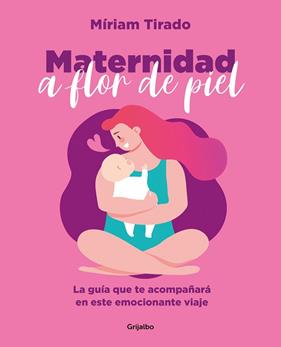 MATERNIDAD A FLOR DE PIEL | 9788425362088 | TIRADO, MIRIAM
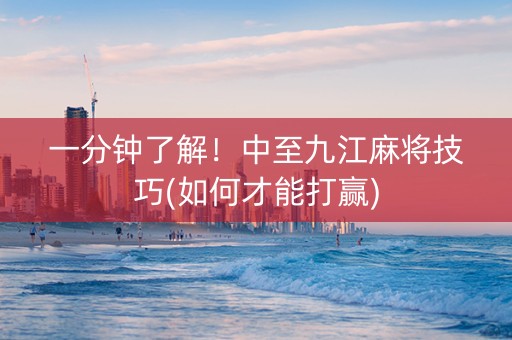 一分钟了解！中至九江麻将技巧(如何才能打赢)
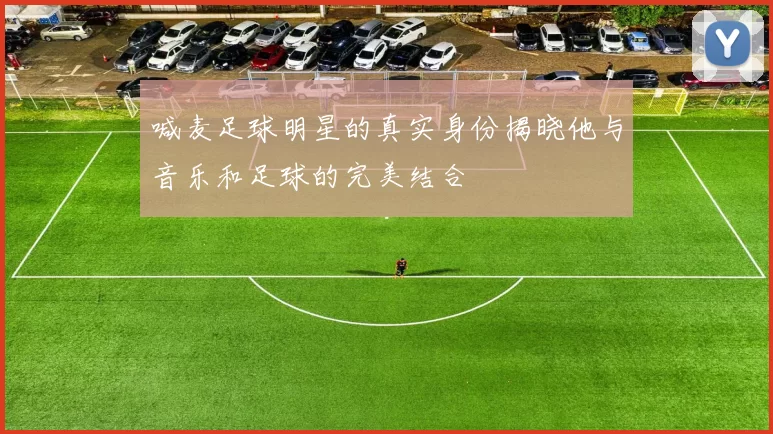 喊麦足球明星的真实身份揭晓他与音乐和足球的完美结合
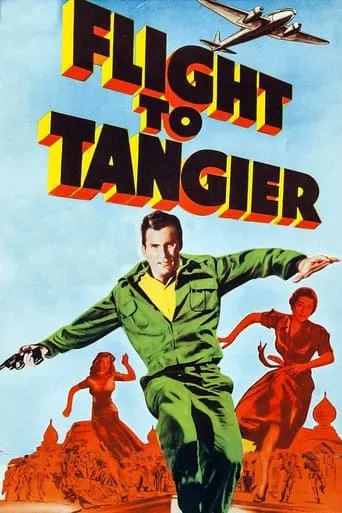 Flight to Tangier movie poster - Rated 6.1/10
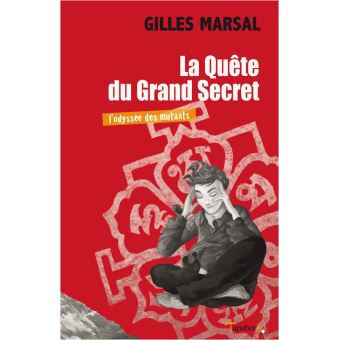 La quete du grand secret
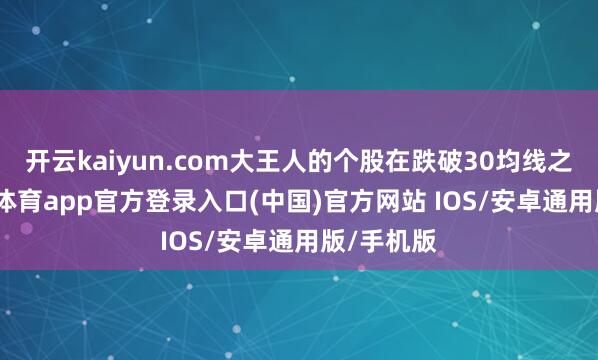 开云kaiyun.com大王人的个股在跌破30均线之后-kai云体育app官方登录入口(中国)官方网站 IOS/安卓通用版/手机版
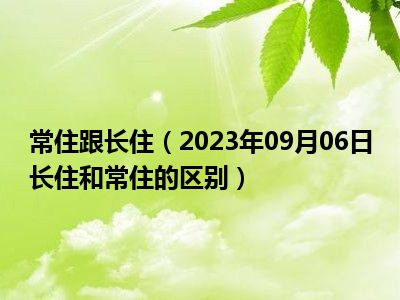 常住跟长住（2023年09月06日长住和常住的区别）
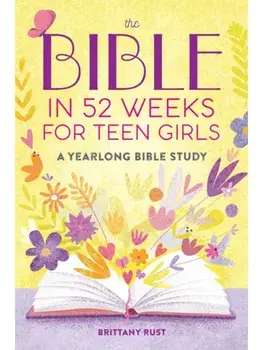 The Bible in 52 Weeks for Teen Girls. A Yearlong Bible Study, Paperback/Brittany Rust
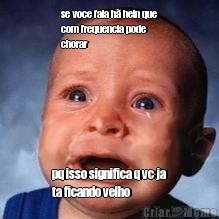 se voce fala h� hein que
com frequencia pode
chorar pq isso significa q vc ja
ta ficando velho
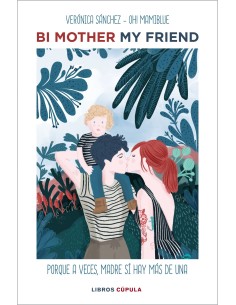 BI MOTHER MY FRIEND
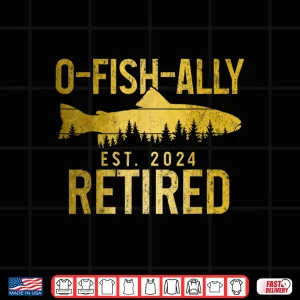 Design O Fish Ally Retired Est. 2024 Fly Fishing Trout Retirement Shirt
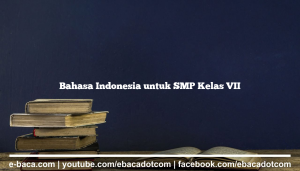 Bahasa Indonesia untuk SMP Kelas VII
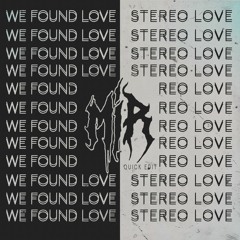WE FOUND LOVE x STEREO LOVE [ MIR QUICK EDIT ]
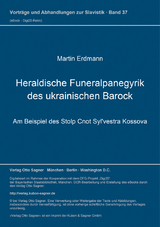 Heraldische Funeralpanegyrik des ukrainischen Barock - Martin Erdmann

------

Skip the pictures and quote each line of the entries above, from the first through the line with "开云kaiyun.com大王", exactly as it appears.

→ EXERCISE RESPONSE:
 MATERNIDAD A FLOR DE PIEL | 9788425362088 | TIRADO, MIRIAM
 一分钟了解！中至九江麻将技巧(如何才能打赢)
 喊麦足球明星的真实身份揭晓他与音乐和足球的完美结合
 Flight to Tangier movie poster - Rated 6.1/10
 La quete du grand secret
 开云kaiyun.com大王人的个股在跌破30均线之后-kai云体育app官方登录入口(中国)官方网站 IOS/安卓通用版/手机版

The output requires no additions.